Gervais practised “death spirals” with Gordeeva their first time out. He even signed them up for hip-hop classes so he could get used to skating to a count.
“And then I got on Google and I realized who I was doing a death spiral with, with barely any experience. I got scared after,” Gervais laughed, comparing skating with Gordeeva to being on the centre line with Wayne Gretzky.
Vanessa James, a Toronto-born French pairs champion, at first thought partner Brian McGrattan looked scary, particularly after learning he’d been an enforcer for the Ottawa Senators, “but as soon as he started talking and smiling he was like a big teddy bear.”

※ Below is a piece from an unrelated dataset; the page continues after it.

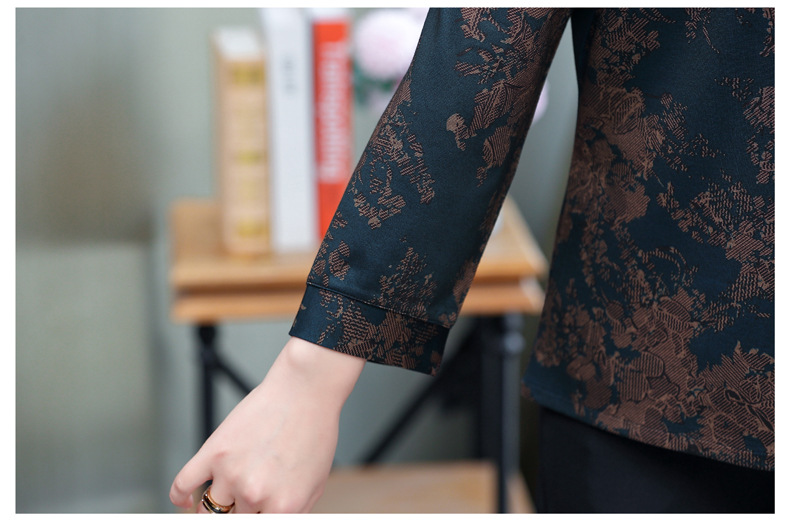 印花女士衬衫长袖妈妈装开衫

McGrattan even skated hand in hand with his former sparring partner Colton Orr, a former New York Ranger and Maple Leaf.
“Who would have thought we (would go) from punching each other in the face to competing in a figure-skating competition against each other?” Orr said.
Among the challenges for the hockey players, besides the toe picks, are learning to skate to music, learning choreography, maintaining proper posture (shoulders down, legs straight) and remembering to smile as they skate.
“In a period of three weeks, they’ve learned what most people will be taught in months,” James said.
But there are challenges for the figure skaters as well. MacLean said the female skaters have to be especially strong to lead their hockey player partners (besides, obviously, trusting they won’t get dropped on their heads). Browning said there are also dangers for the male figure skaters “when you get a heavier girl than you’re used to lifting up there and then she doesn’t know how to contain herself.”
The biggest challenge will come Thursday when the contestants hit the ice at Hamilton’s FirstOntario Centre in front of a live audience. (Only six teams will compete. Stock and Afanasieva will compete next week since they had less time to practise.)
Gervais figures the crowd, the lights, the cameras and the lack of boards around the rink will be a distraction at first, but it will be like “a playoff game where the building is packed … I think it’s gonna be the same mentality.”
![Russian Sexual Battle On Ice (2000) Russian Sexual Battle On Ice (2000)](/uploads/1/2/5/7/125716208/982472899.jpg)
Battle of the Blades Season 5 debuts Sept. 19 at 8 p.m. on CBC and CBC Gem. See cbc.ca for a full list of the skaters and the charities they’re supporting, as well as a guide to getting tickets.